Feature | LLaMA 1 (2023) | LLaMA 2 (2023) | LLaMA 3 (2024) | LLaMA 4 (2025) |
---|---|---|---|---|
Parameter Count | 7B-65B | 7B-70B | 1B-90B | Scout→ 30B-50B, Maverick→ 100B+ |
Purpose | Research | General + Coding | Multimodal + Privacy | Advanced Multimodal |
Key Feature | Efficiency | Code LLaMA | LLaMA 3.2-Vision | MoE + Early Fusion |
Multimodality | Text only | Text only | Text + Images | Text, Images, More? |
Accessibility | Research only | Public release | Wider tools | Free via vLLM, HF |
vs GPT-4 | Niche competitor | Closer rival | Strong contender | Near equal |
LLaMA 1 → The OG—lean, mean, and research-only. It set the stage but couldn’t touch GPT-4.

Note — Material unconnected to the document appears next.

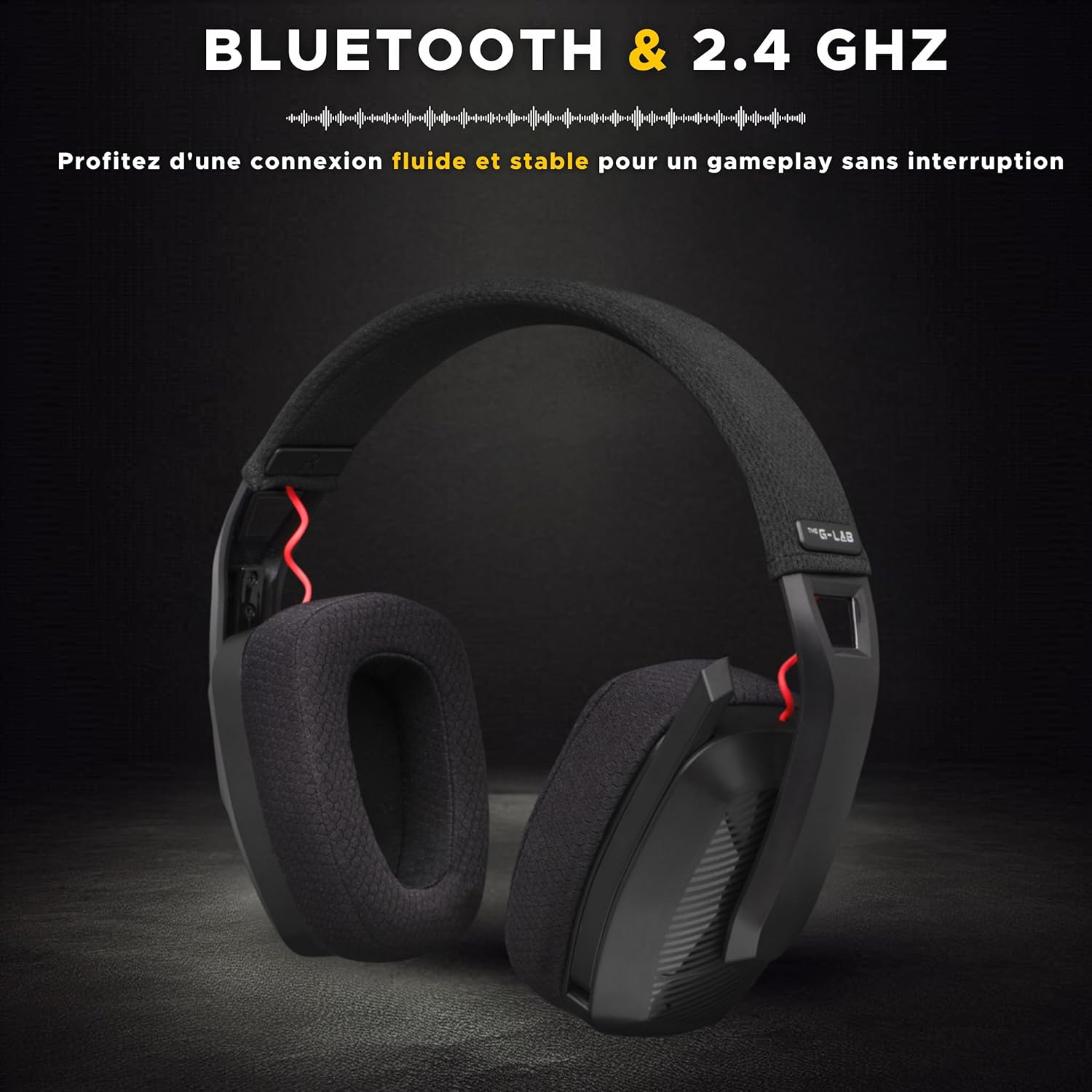The G-Lab - Korp Platinium - Wireless Gaming Headset Rechargeable PC/PS4/PS5 - Wireless Gaming Headset Bluetooth / 2.4 Ghz - Gaming Headset with Stereo Sound and Stable Connection - New image number 4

LLaMA 2 → Stepped up with Code LLaMA and public access, making “llama 2 vs gpt 4” a discussion. Still text-only, though.
LLaMA 3 → Multimodal wizardry with 3.2-Vision and privacy perks— “llama 3 vs gpt-4” got extremely close.
LLaMA 4 → The big dog—MoE, Scout vs Maverick, and multimodal muscle. “Llama 4” against GPT-4 is neck-and-neck.